For every Kafka Connect Worker:

  1. Copy connector package directory to where you want Kafka Connectors to be located.

  2. Edit Kafka Connect Worker configuration ($KAFKA_HOME/config/connect-standalone.properties for single-worker Kafka Connect cluster or $KAFKA_HOME/config/connect-distributed.properties for multiple node Kafka Connect cluster) to register the connector on the plugin path (replace CONNECTORS_PATH with directory where you copied the connector package):

    connect-standalone.properties
    plugin.path=CONNECTORS_PATH/gridgain-kafka-connect

Step 3: Register GridGain Connector with GridGain

On every GridGain server node copy the following JARs into the $IGNITE_HOME/libs directory:

  • gridgain-kafka-connect-{gg-version}.jar (located on GridGain nodes in the $IGNITE_HOME/integration/gridgain-kafka-connect/lib directory)
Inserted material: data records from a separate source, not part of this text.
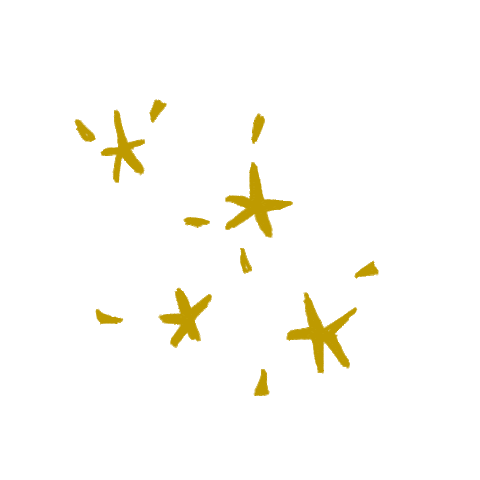 Party Stars Sticker
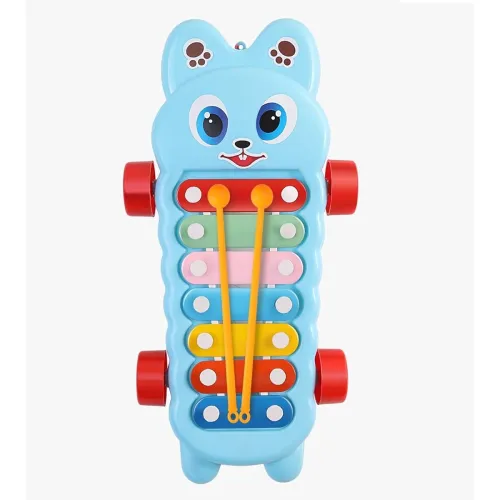 Image of Mommers 2-in-1 Xylophone + Piano Toy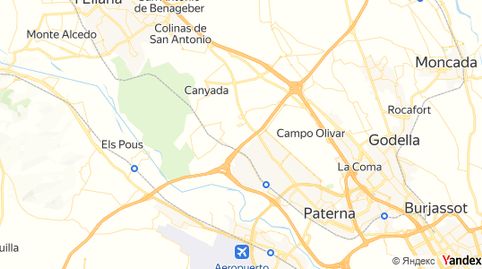 Foto 3 de Finca rústica en venta en La Cañada, Paterna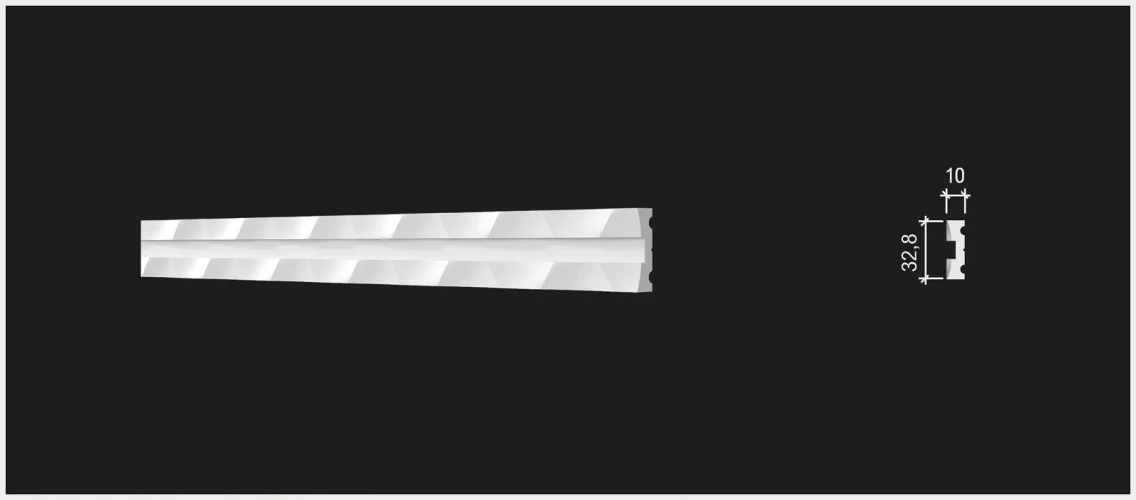 Молдинг Decor Dizayn DD636 на otdelka1.ru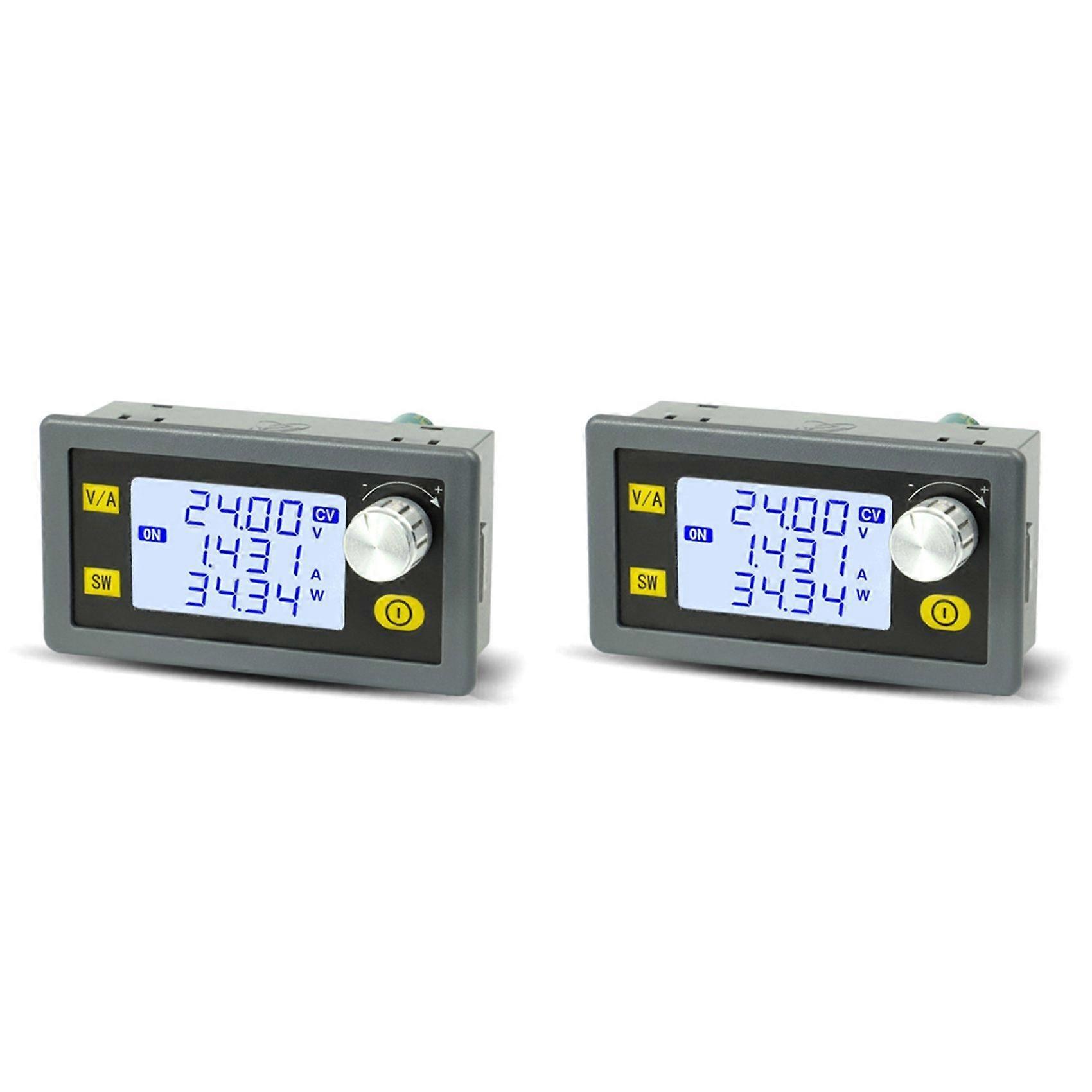 2X CNC DC Automatic Buck Boost Converter Adjustable Regulated Power Supply Constant Voltage Constant Current 35W Module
  • connect-api-{kafka-version}.jar and kafka-clients-{kafka-version}.jar, located on Kafka Connect workers in the $KAFKA_HOME/libs directory (or a later version, if you choose to use it)
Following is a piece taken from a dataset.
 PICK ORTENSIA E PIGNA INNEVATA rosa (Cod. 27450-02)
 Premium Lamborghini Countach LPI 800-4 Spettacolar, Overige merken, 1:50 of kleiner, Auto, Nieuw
GridGain Kafka Connector Configuration

The only GridGain Source connector mandatory properties are the connector’s name, class and path to Ignite configuration describing how to connect to the source GridGain cluster. Here’s what a minimal source connector configuration named "gridgain-kafka-connect-source" might look like:

gridgain-kafka-connect-source.properties
name=gridgain-kafka-connect-source
connector.class=org.gridgain.kafka.source.IgniteSourceConnector
igniteCfg=IGNITE_CONFIG_PATH/ignite-server-source.xml

See Source Connector Configuration for the full properties list.

The only GridGain Sink connector mandatory properties are the connector’s name, class, list of topics to stream data from and a path to Ignite configuration describing how to connect to the sink GridGain cluster. Here’s what a minimal source connector configuration named "gridgain-kafka-connect-sink" might look like:

gridgain-kafka-connect-sink.properties
name=gridgain-kafka-connect-sink
topics=topic1,topic2,topic3
connector.class=org.gridgain.kafka.sink.IgniteSinkConnector
igniteCfg=IGNITE_CONFIG_PATH/ignite-server-sink.xml

See Sink Connector Configuration for the full properties list.
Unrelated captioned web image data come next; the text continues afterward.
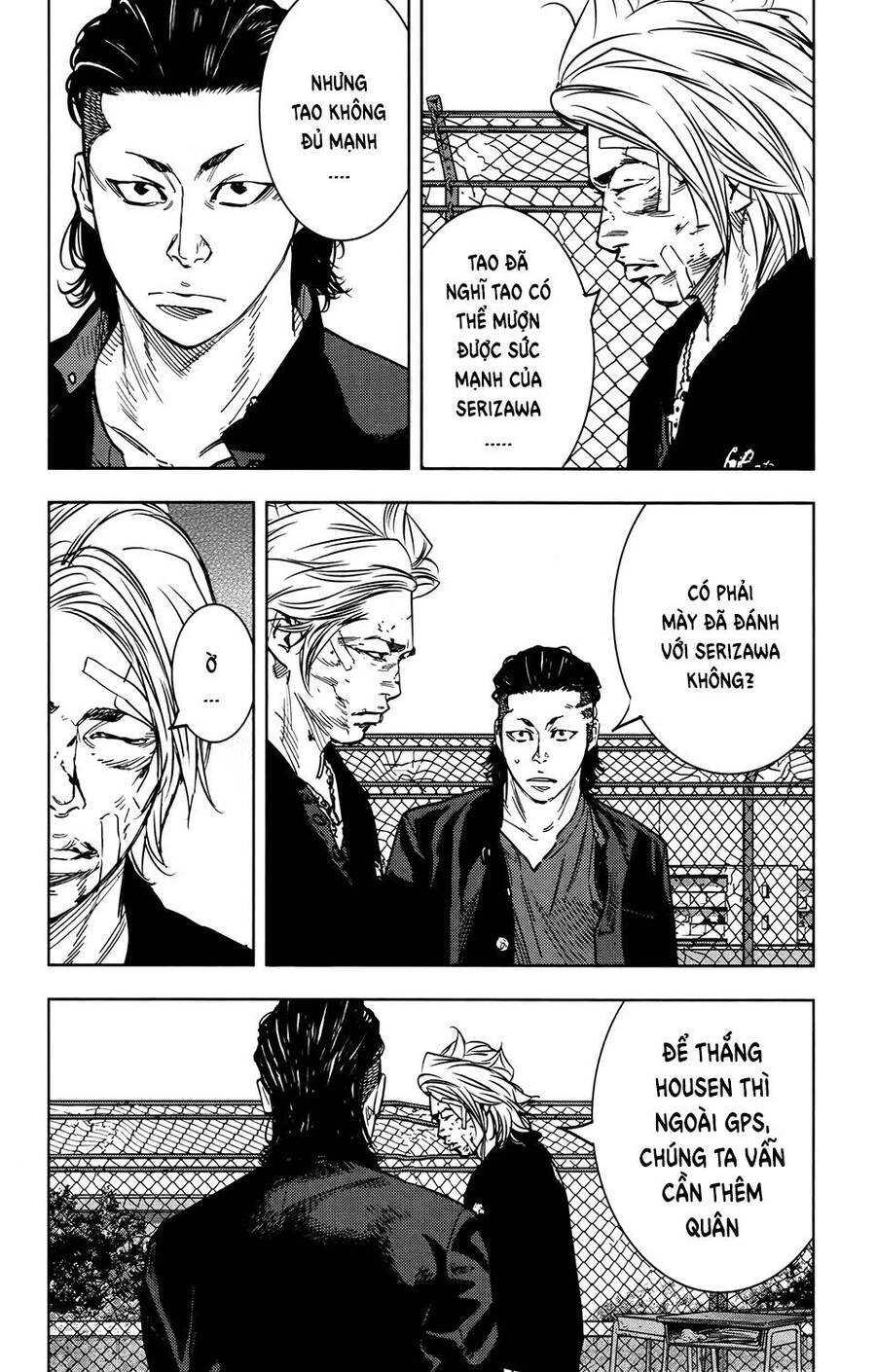 Crows Zero 2 Chapter 30 - Trang 2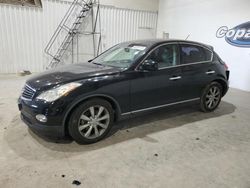 Salvage cars for sale at Tulsa, OK auction: 2008 Infiniti EX35 Base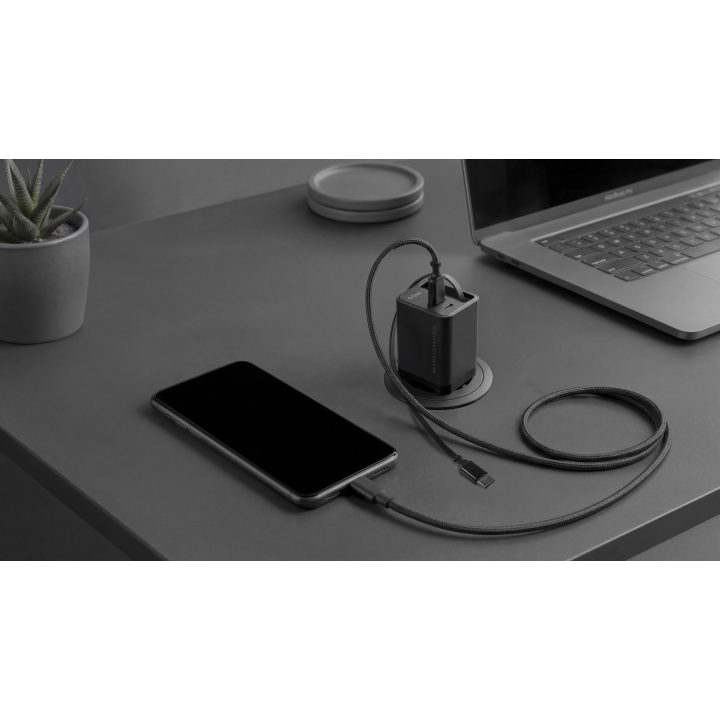 Mars Gaming MDGAN65R Mobile Device Charger Black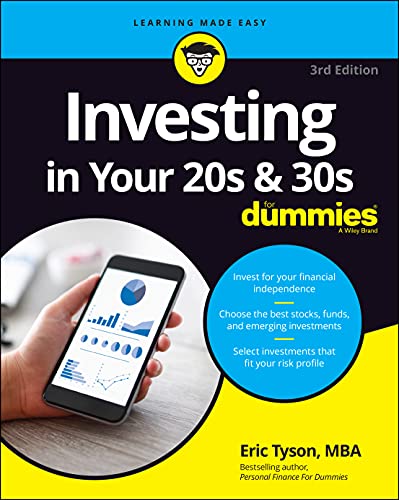 Imagen de archivo de Investing in Your 20s & 30s For Dummies a la venta por BooksRun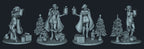 Polina | Pin-Up Statue Fan Art Miniature Unpainted | Ronin Arts Workshop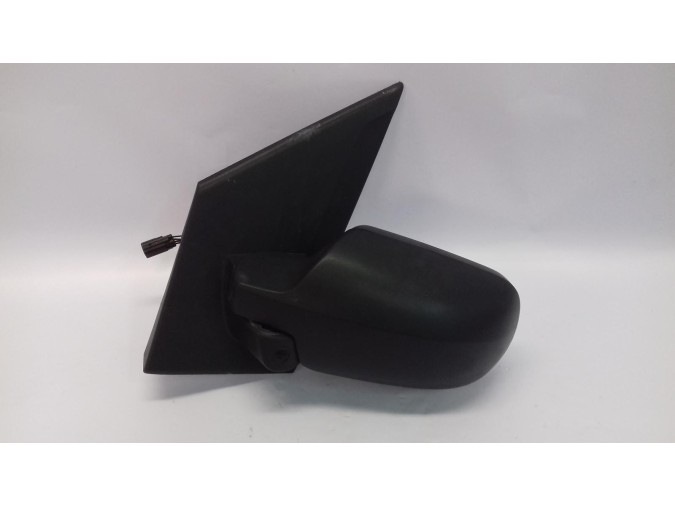 RETROVISOR IZQUIERDO FORD FUSION NEGRO SIN PINTAR 2004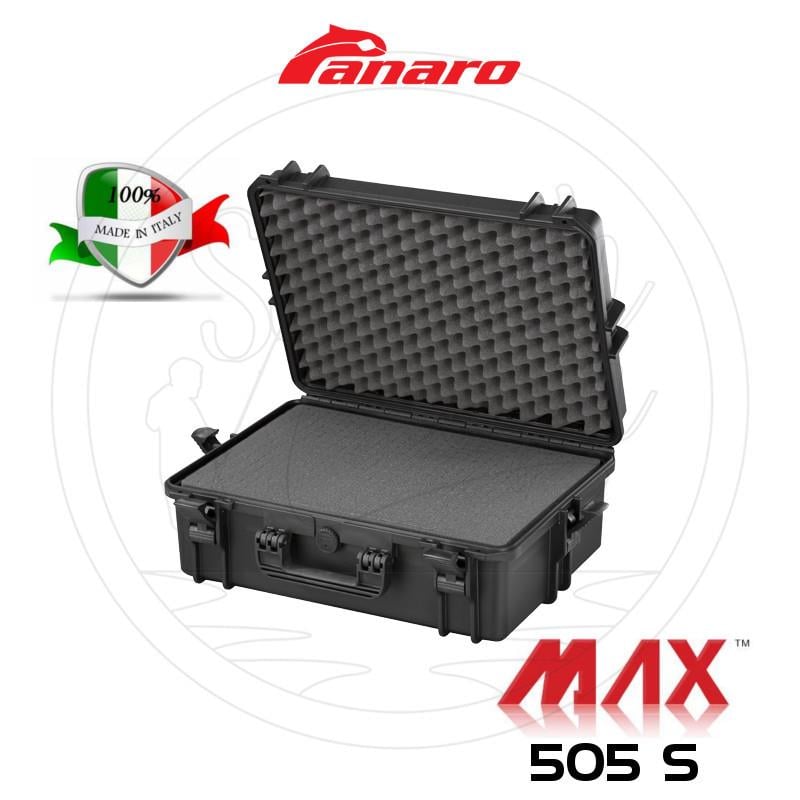 Plastica Panaro Max505S Koruyucu Çanta 555X428X211mm. Black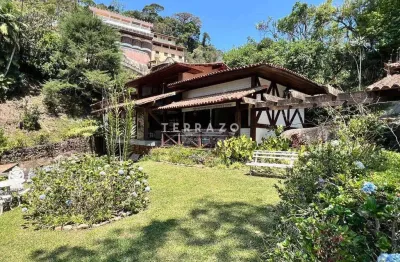 Casa à venda, 3 quartos, 1 suíte, 8 vagas, parque do ingá - teresópolis/rj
Running Kafka Connect Ecosystem

See Installing and Configuring Kafka Connect for detailed documentation. As a summary, you need to:

  1. Configure and Install Kafka Connectors

  2. Configure and start Zookeeper

  3. Configure and start Kafka brokers

  4. Configure and start Kafka Connect workers

We already reviewed how to configure and install Kafka connectors. Below are shell commands to run Kafka Connect ecosystem on the same host using default zookeeper, broker, and connect worker configuration files (normally you would run each node on a separate host):

$KAFKA_HOME/bin/zookeeper-server-start.sh $KAFKA_HOME/config/zookeeper.properties
$KAFKA_HOME/bin/kafka-server-start.sh $KAFKA_HOME/config/server.properties
$KAFKA_HOME/bin/connect-standalone.sh \
	$KAFKA_HOME/config/connect-standalone.properties \
	gridgain-kafka-connect-source.properties \
	gridgain-kafka-connect-sink.properties

Managing Kafka Connectors

Each Kafka worker exposes REST API to manage Kafka Connectors (available on port 8083 by default). See Kafka Connect REST Interface for information on how to create, remove, pause, and resume connectors as well as see the status of the connectors and tasks.